=== Work to be completed ===
Below is a listing with pictures in it; transcribe exactly the lines from the one that has "10725 S 8th Avenue Inglewood CA 90303" through the one that has "1C4NJPFB7HD131242 Photo# 6", and omit those pictures.

=== Material supplied ===
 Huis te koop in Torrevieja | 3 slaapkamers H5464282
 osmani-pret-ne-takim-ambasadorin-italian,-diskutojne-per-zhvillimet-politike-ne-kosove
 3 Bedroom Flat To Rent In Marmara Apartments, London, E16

...

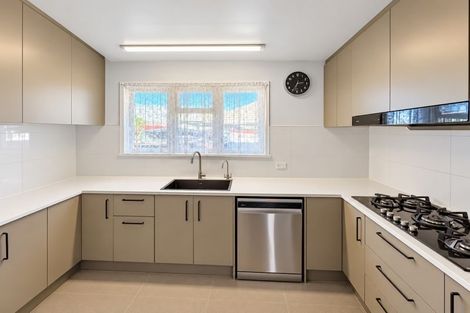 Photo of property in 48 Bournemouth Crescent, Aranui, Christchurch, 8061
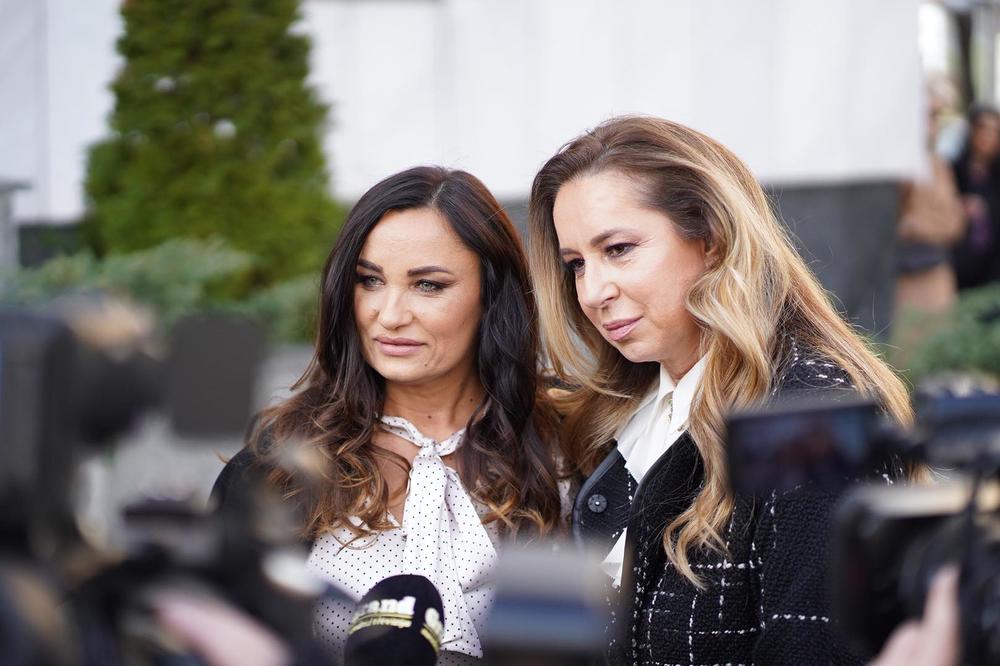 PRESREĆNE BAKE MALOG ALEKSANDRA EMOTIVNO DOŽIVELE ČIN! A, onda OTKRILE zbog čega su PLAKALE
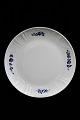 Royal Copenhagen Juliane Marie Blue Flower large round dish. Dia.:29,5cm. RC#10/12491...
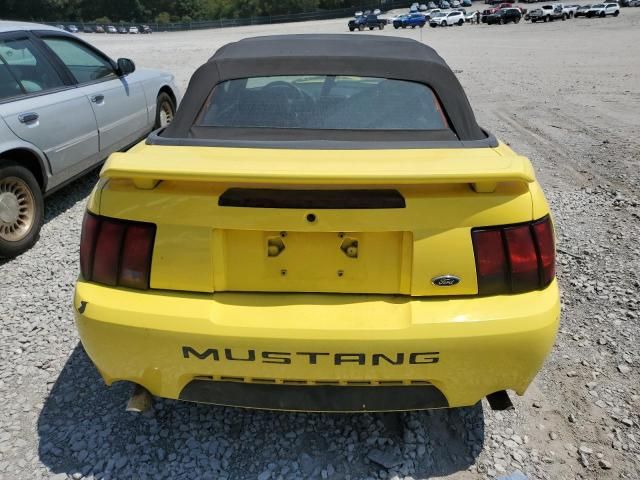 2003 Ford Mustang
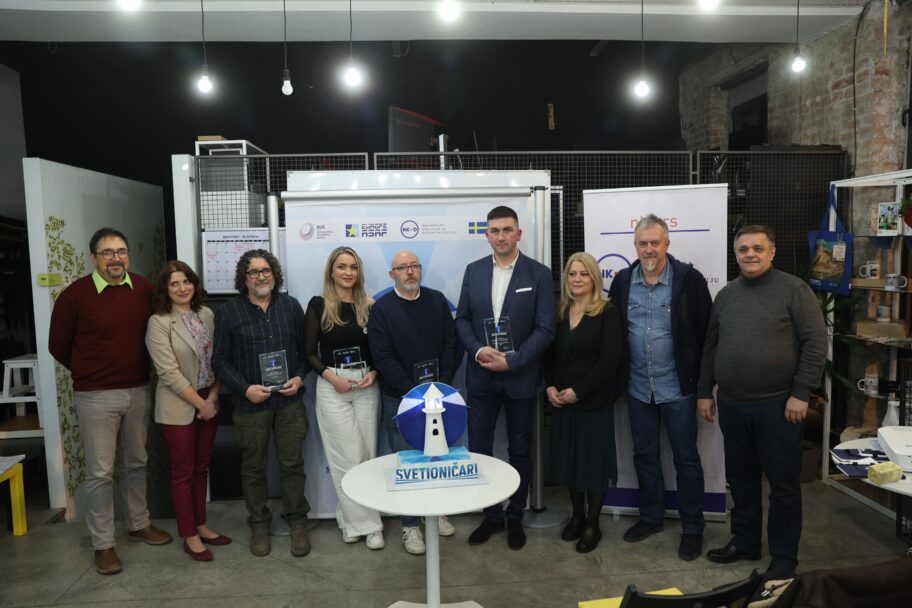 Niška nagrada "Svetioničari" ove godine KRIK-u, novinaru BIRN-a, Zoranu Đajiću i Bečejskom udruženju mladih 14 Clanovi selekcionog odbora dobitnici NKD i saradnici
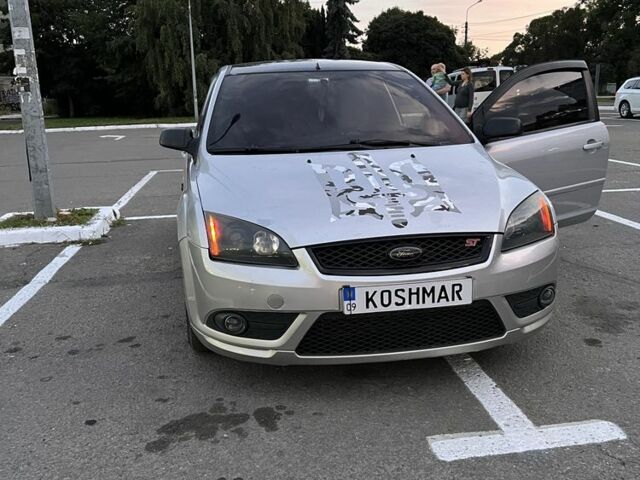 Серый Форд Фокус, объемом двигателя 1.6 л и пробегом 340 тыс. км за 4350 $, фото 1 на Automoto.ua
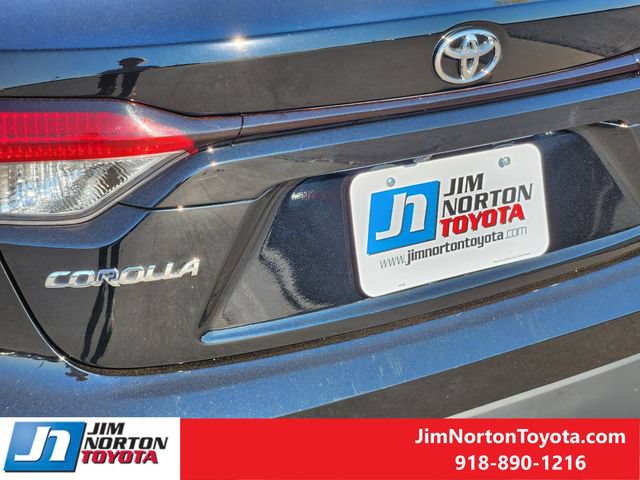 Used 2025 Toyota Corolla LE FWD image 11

==

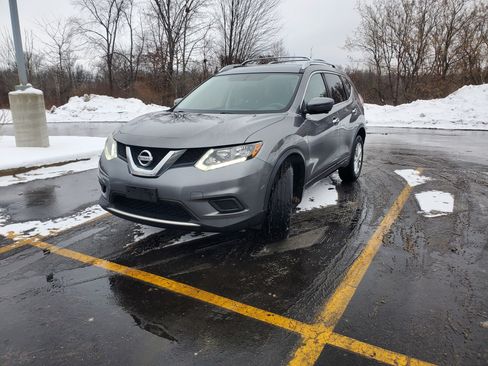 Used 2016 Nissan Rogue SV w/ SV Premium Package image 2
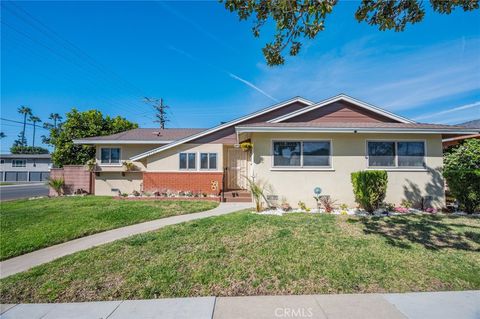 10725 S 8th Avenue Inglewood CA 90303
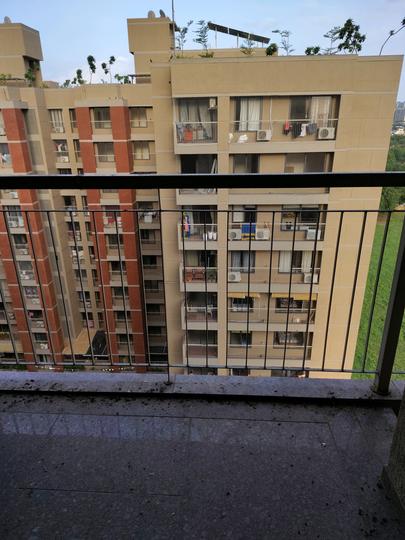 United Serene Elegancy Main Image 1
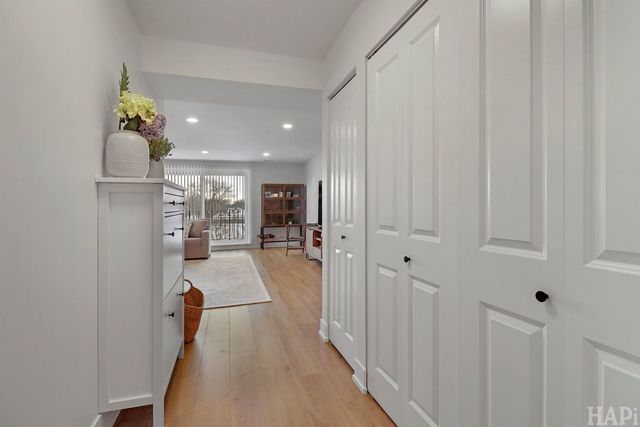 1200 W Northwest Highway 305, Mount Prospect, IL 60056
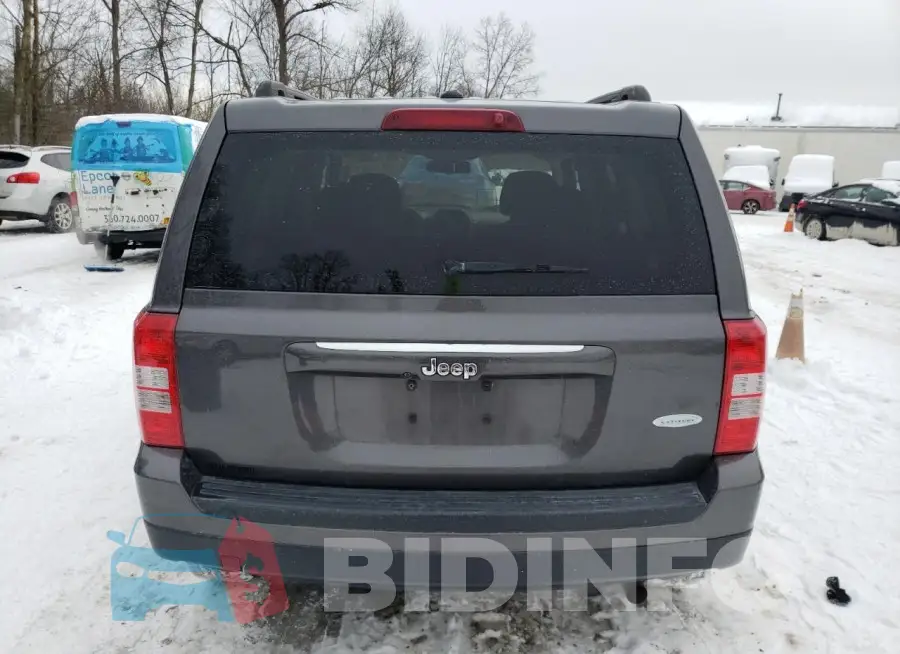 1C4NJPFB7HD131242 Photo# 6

=== Problem solution ===
 10725 S 8th Avenue Inglewood CA 90303
 United Serene Elegancy Main Image 1
 1200 W Northwest Highway 305, Mount Prospect, IL 60056
 1C4NJPFB7HD131242 Photo# 6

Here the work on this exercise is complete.